I kept the fermenter sealed with an air lock at around 70-75 oF pretty constant.
First densitometry reading (Sept 28th): 1.091. Current reading: 1.034. Never saw strong fermentation.
I am not sure what you mean by "6) Is it in Primary or Secondary?" so I can't tell. I have not measured the pH, but I did not add anything to modify that to begin with.

Can you give me any suggestions with this info?

Thanks a lot!!


----------



## Ben Brewcat (Oct 27, 2004)

How did they recommend reactivating (I assume the yeast and not the fertilizer)? Did you use energizer or nutrients (they're different)? And did you do anything to aerate/oxygenate at pitching? (DON'T now, either way). Certainly it's lagging a bit at this point, but it'd be interesting to see if there's a SG change over time (still trickling along). It's only at about 7.5%, way below what the yeast can handle if in good health. 
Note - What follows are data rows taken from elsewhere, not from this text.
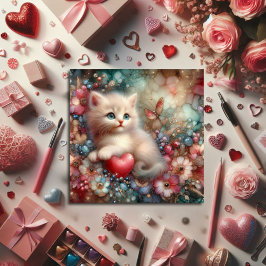 Blommor av pastel Glitter och kittallatina Julkort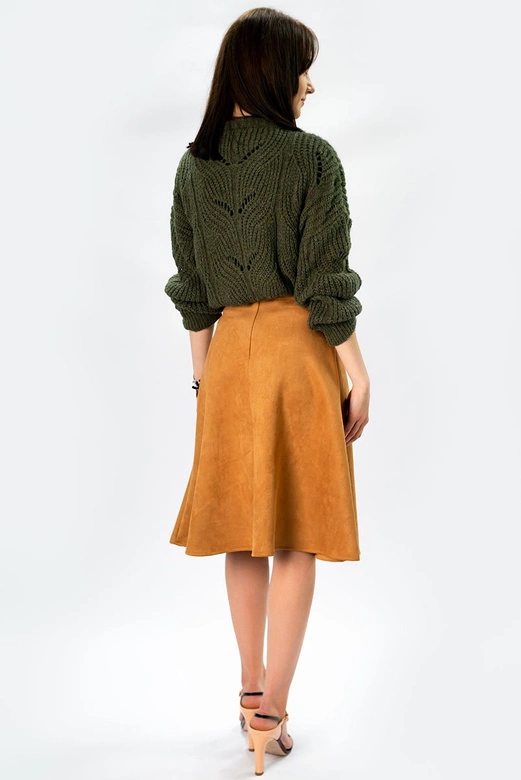 ROZKLOSZOWANA SPÓDNICA JASNOBRĄZOWA (537ART)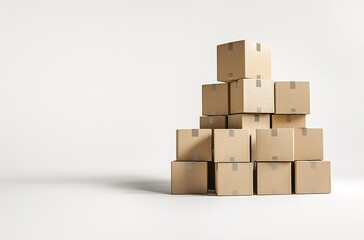 Obraz premium Boxes stacked in a random arrangement on a white background, ideal for shipping, storage, or moving purposes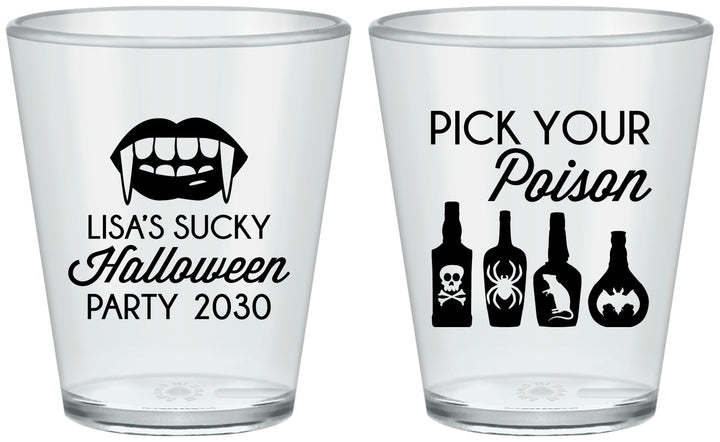 Custom Halloween Plastic Shot Glasses - Pick Your Poison | 250065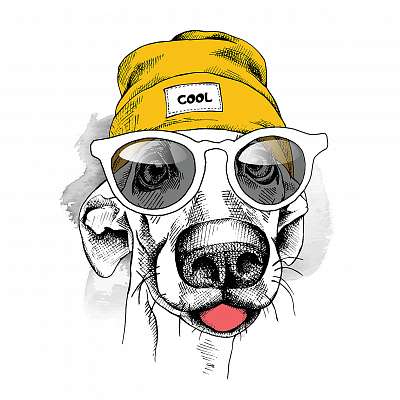 Portrait of dog in a yellow Hipster hat and with glasses. Vector (bögre) - vászonkép, falikép otthonra és irodába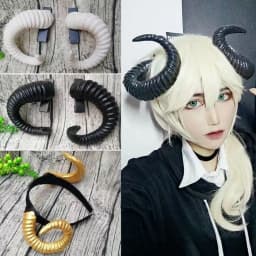 1 Pair Dark Lolita Headband Ram Horns Shape Hair Accessories Devil Horn Headband Photography Prop Black Gothic Style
Certainly you could repitch some additional yeast, properly rehydrated and oxygenated first (see the stickied thread for dry-yeast tips). For a couple bucks it's cheap insurance.


----------



## Pilgarlic56 (Aug 6, 2010)

Because of your recipe I wouldn't guess that your fermentation is being held back or stalled by Ph. Temp, too, looks okay. That would leave initial oxygenation or nutrients/energizer. I'm guessing nutrients/energizer. Unfortunately, labeling of additives isn't consistent. You need a source of Free Amino Nitrogen (FAN, often in the form of diammonium phospate (DAP), and also a source of micronutrients (often including spent yeast hulls). I looked at the Crosby and Baker product and couldn't tell what it contains, although it mentioned "nutrients". It may pay to add DAP at this point, and/or micronutrients.


----------



## Jorge (Sep 24, 2002)

OK. Thanks for the advice, guys!


----------